__Problem to work on__:
The lines to extract run from the start of the records through the line with "Bedroom 3 featuring", both ends included; drop the pictures.

───

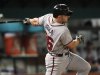 Atlanta Braves' Dan Uggla watches his fifth-inning single during a baseball game against the Florida Marlins in Miami, Tuesday, Aug. 9, 2011. (AP Photo/J Pat Carter)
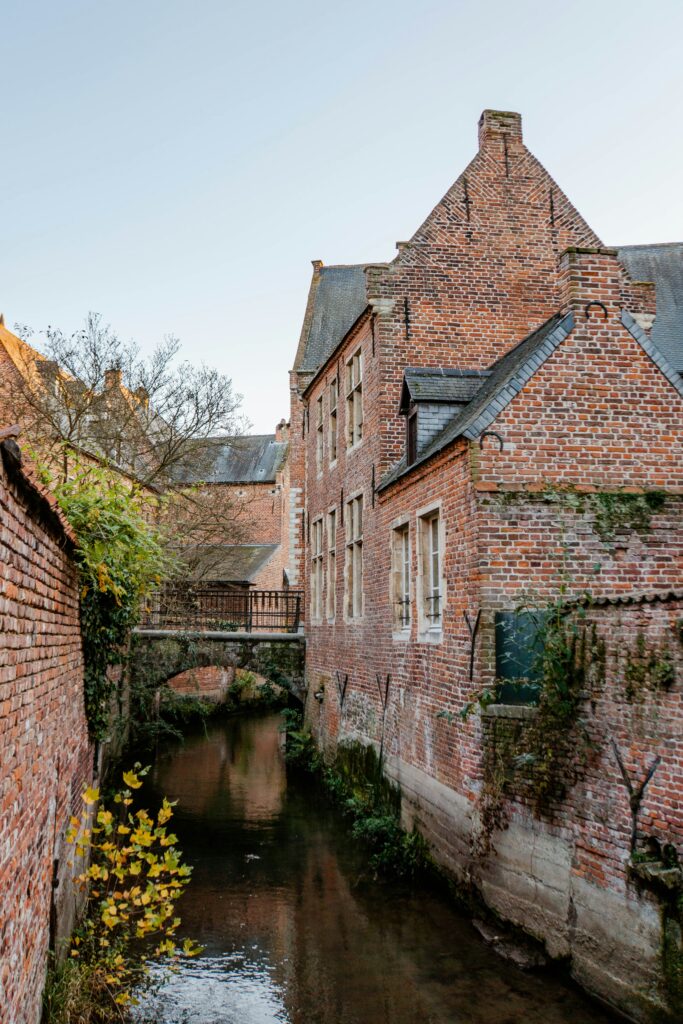 The Great Beguinage (Groot Begijnhof) area. A small river passing through the city.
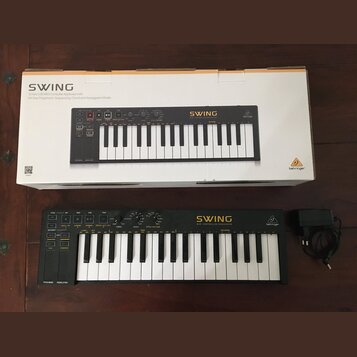 Černý MIDI kontrolér s klávesami, napájecí adaptér a originální kartonová krabice. Na přístroji je žlutý nápis SWING a pod ním text MIDI CONTROLLER S…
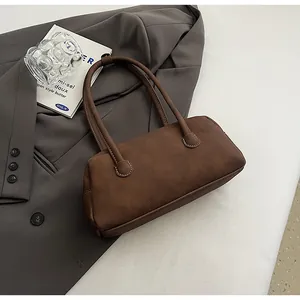 Detail of dark brown leather bowling bag showing contrast white stitching and handles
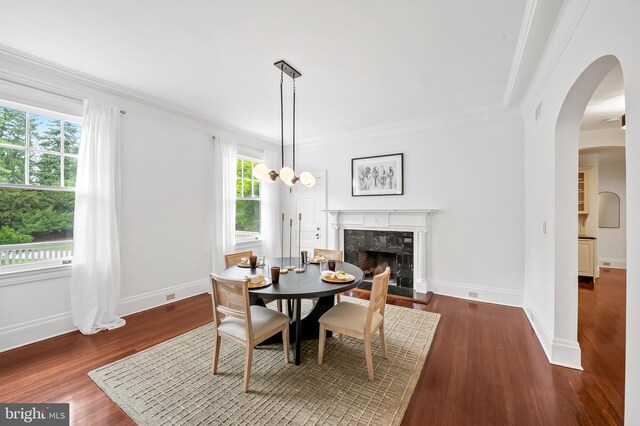3 Devon Hill Rd Unit D4, Baltimore, MD 21210 - dining room with crown molding, arched walkways, a fireplace, baseboards, and wood finished floors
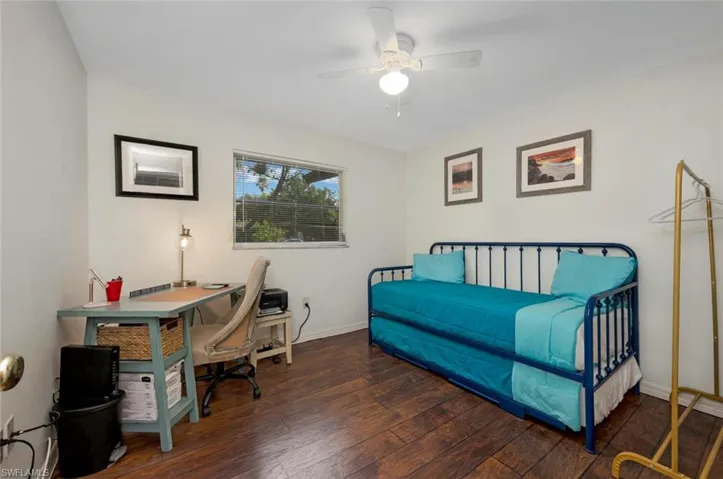 Bedroom 3 featuring dark hardwood / wood-style floors and ceiling fan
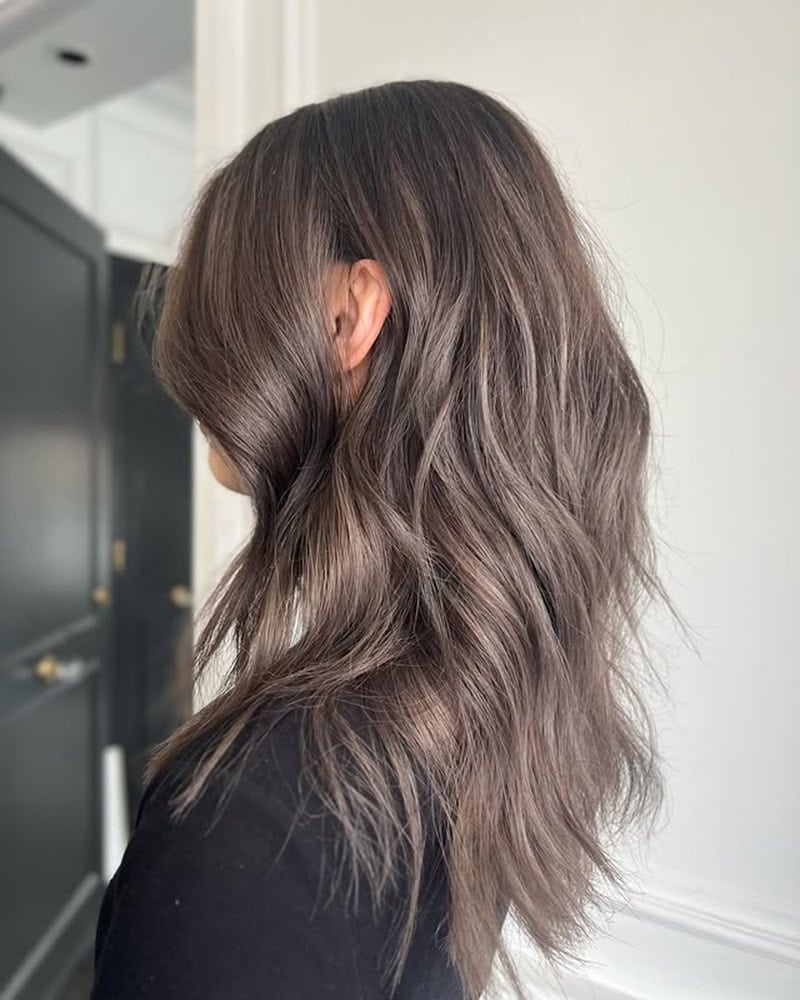 medium-length, wavy mushroom brown hair with ash undertones.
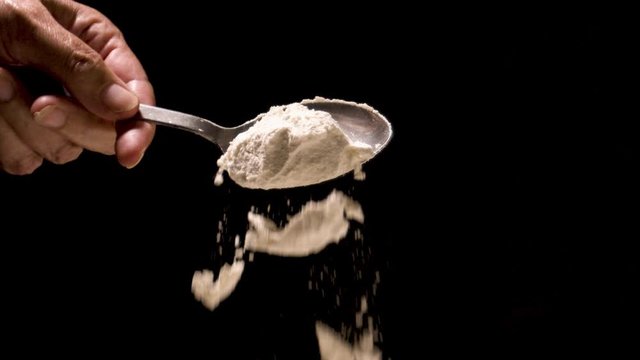 Flour being poured off a tablespoon super slow motion on a black backdrop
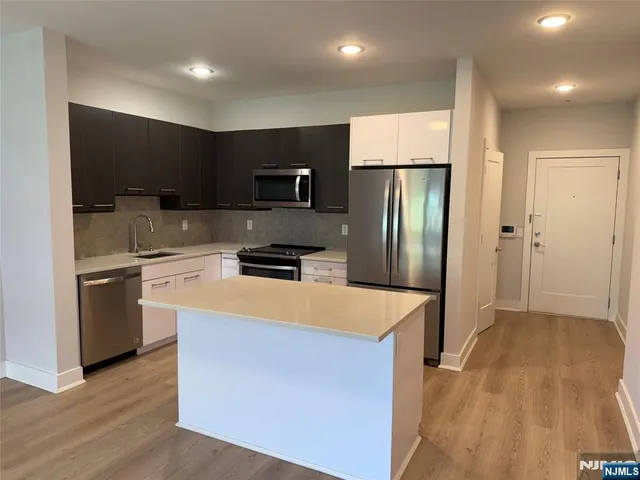 a kitchen with stainless steel appliances a refrigerator and a stove top oven
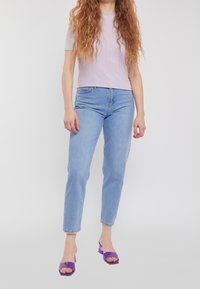 Top corto de manga corta de rayas en púrpura claro, combinado con jeans rectos de pierna azul claro y sandalias de tacón bloque transparente en púrpura.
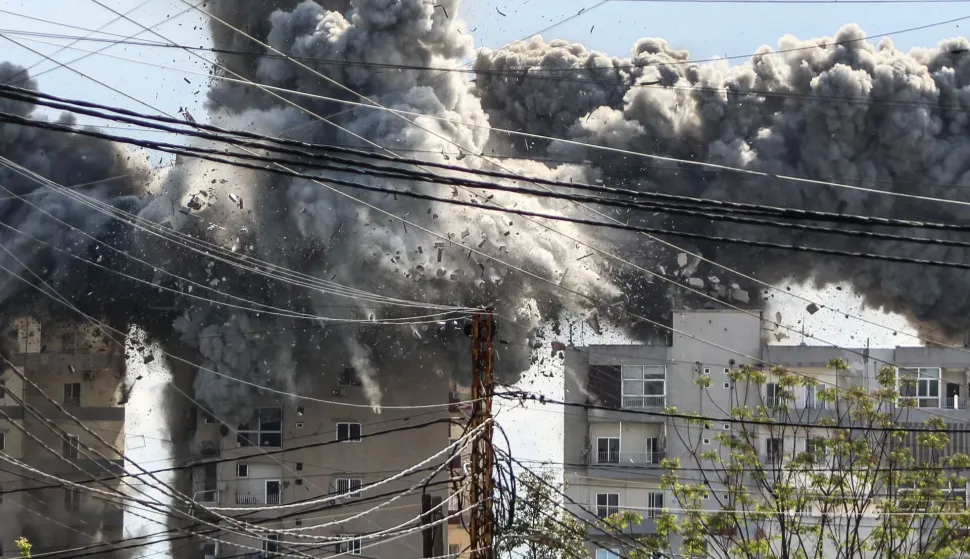 Smoke and debris rise after a building is hit by an Israeli airstrike in the area of Abbasiyeh, on the outskirts of the southern Lebanese city of Tyre, on April 8, 2026. Lebanon's army warned people against returning to the country's south on April 8, where the Israeli military is still launching attacks, as Israel said the ceasefire with Iran did not include its conflict with Hezbollah. (Photo by Kawnat HAJU/AFP)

───

__Exercise result__:
 Atlanta Braves' Dan Uggla watches his fifth-inning single during a baseball game against the Florida Marlins in Miami, Tuesday, Aug. 9, 2011. (AP Photo/J Pat Carter)
 The Great Beguinage (Groot Begijnhof) area. A small river passing through the city.
 Černý MIDI kontrolér s klávesami, napájecí adaptér a originální kartonová krabice. Na přístroji je žlutý nápis SWING a pod ním text MIDI CONTROLLER S…
 Detail of dark brown leather bowling bag showing contrast white stitching and handles
3 Devon Hill Rd Unit D4, Baltimore, MD 21210 - dining room with crown molding, arched walkways, a fireplace, baseboards, and wood finished floors
 Bedroom 3 featuring dark hardwood / wood-style floors and ceiling fan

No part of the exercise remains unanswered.